# Tutorial: Interactive Data Viz and Time Series Analysis
## Created by Sarah Shy
#### March 12, 2018
#### 15-388 Practical Data Science, CMU

# 1. Load the Data

https://austinbcycle.com/how-it-works/faqs

First, we load the libraries and data into our environment.

Note that if you have not installed plotly, you can install by running the following code in your terminal:

\$ pip install plotly 
or 
\$ sudo pip install plotly 

To install cufflinks: ! pip install cufflinks --upgrade


In [8]:
#import IPython
#iframe = '<iframe width="900" height="800" frameborder="0" scrolling="no" src="//plot.ly/~sarahshy/44.embed"></iframe>'
#IPython.display.HTML(iframe)

In [None]:
#load packages
import pandas as pd
import plotly.plotly as py
import plotly.graph_objs as go
import cufflinks as cf
import numpy as np
import plotly.tools as tls

In [None]:
#load data
bike_trips = pd.read_csv("austin_bikeshare_trips.csv")
bike_stations = pd.read_csv("austin_bikeshare_stations.csv")

The _bike trips_ dataset contains the following variables:
-  bikeid: integer id of bike
-  checkout_time: HH:MM:SS, see start time for date stamp
-  duration_minutes: integer minutes of trip duration
-  end_station_id: integer id of end station
-  end_station_name: string of end station name
-  month: month, integer (1 = January)
-  start_station_id: integer id of start station
-  start_station_name: string of start station name
-  start_time: YYYY-MM-DD HH:MM:SS, string
-  subscriber_type: membership type
-  trip_id: unique trip id, int
-  year: year of trip, int


The _bike stations_ dataset contains the following variables:
-  latitude: geospatial latitude, precision to 5 places
-  location: (lat, lon)
-  longitude: geospatial longitude, precision to 5 places
-  name: station name, str
-  stations_id: unique station id, int
-  status: station status (active, closed, moved, ACL-only), ACL is a music festival

_Note: variable definitions were taken from the dataset's Kaggle description: https://www.kaggle.com/jboysen/austin-bike._

In [None]:
#
bike_trips.head()
#bike_stations.head()
#list(bike_data)
#type(bike_data['start_time'][0]) #string
#bike_trips.shape #649231 by 12
#bike_stations.shape #72 by 6

In [None]:
# TAKE CARE OF MISSING DATA

len(bike_trips[pd.isnull(bike_trips).any(axis=1)])
#there are 67606 rolws in bike trips with missing data

len(bike_stations[pd.isnull(bike_stations).any(axis=1)])
#there are 0 rows in bike stations with missing data

#REMOVE MISSING DATA ROWS FROM BIKE_TRIPS
bike_trips_clean = bike_trips.copy()
bike_trips_clean = bike_trips.dropna()
#bike_trips_clean = bike_trips[bike_trips.year == 2017.0]
#bike_trips_clean.shape

# 2. Plotting Trip Duration

In [None]:
#PLOTTING duration of trips.

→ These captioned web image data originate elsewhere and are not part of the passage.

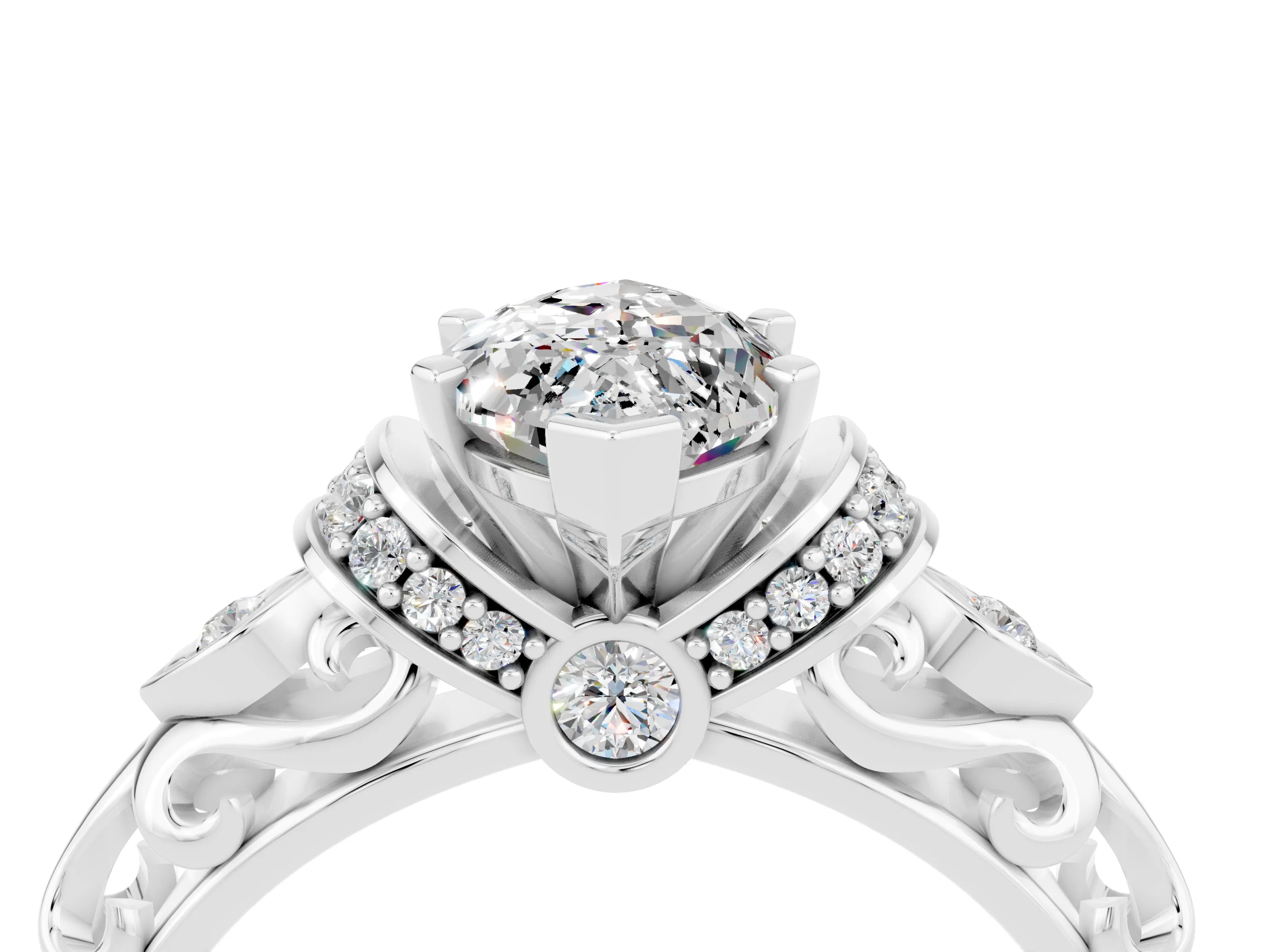 White gold Marquise Cut Moissanite Solitaire Ring with Filigree Band and Four-Prong Setting_28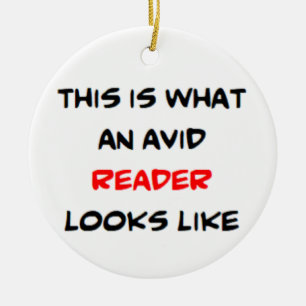 reader, avid ceramic ornament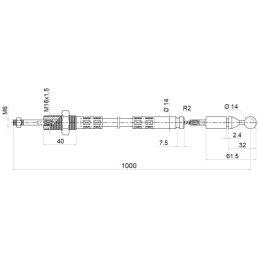 2 dalių hidraulinis komplektas: 80 l skirstytuvas + vairasvirtė su vienu mygtuku + du 1 m ilgio kabeliai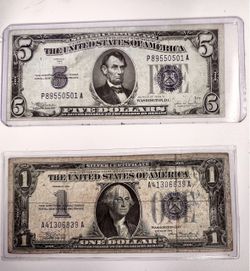 1934 -5 Dollar and 1 Dollar Bank Notes***Check the out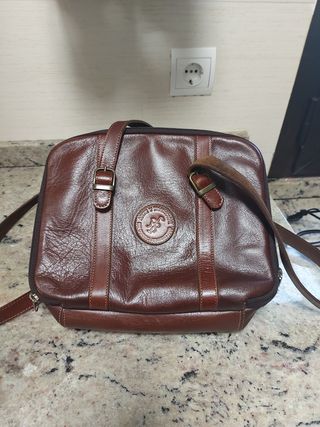 Bolso bandolera de piel - Marrón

We cut off at 4 hours because there's a long tail with few data points. With membership, maximum is 1 hour before charging extra.

duration_data = bike_trips_clean.duration_minutes[bike_trips_clean.duration_minutes <= 180]
duration_data.iplot(kind = 'histogram', filename = "duration-plot", bins = 72)
#print(len(duration_data))
#data = [go.Histogram(x = duration_data)]
#py.iplot(data, filename = 'trip-duration')
#duration_data.iplot(kind = 'histogram', filename = 'trip-duration')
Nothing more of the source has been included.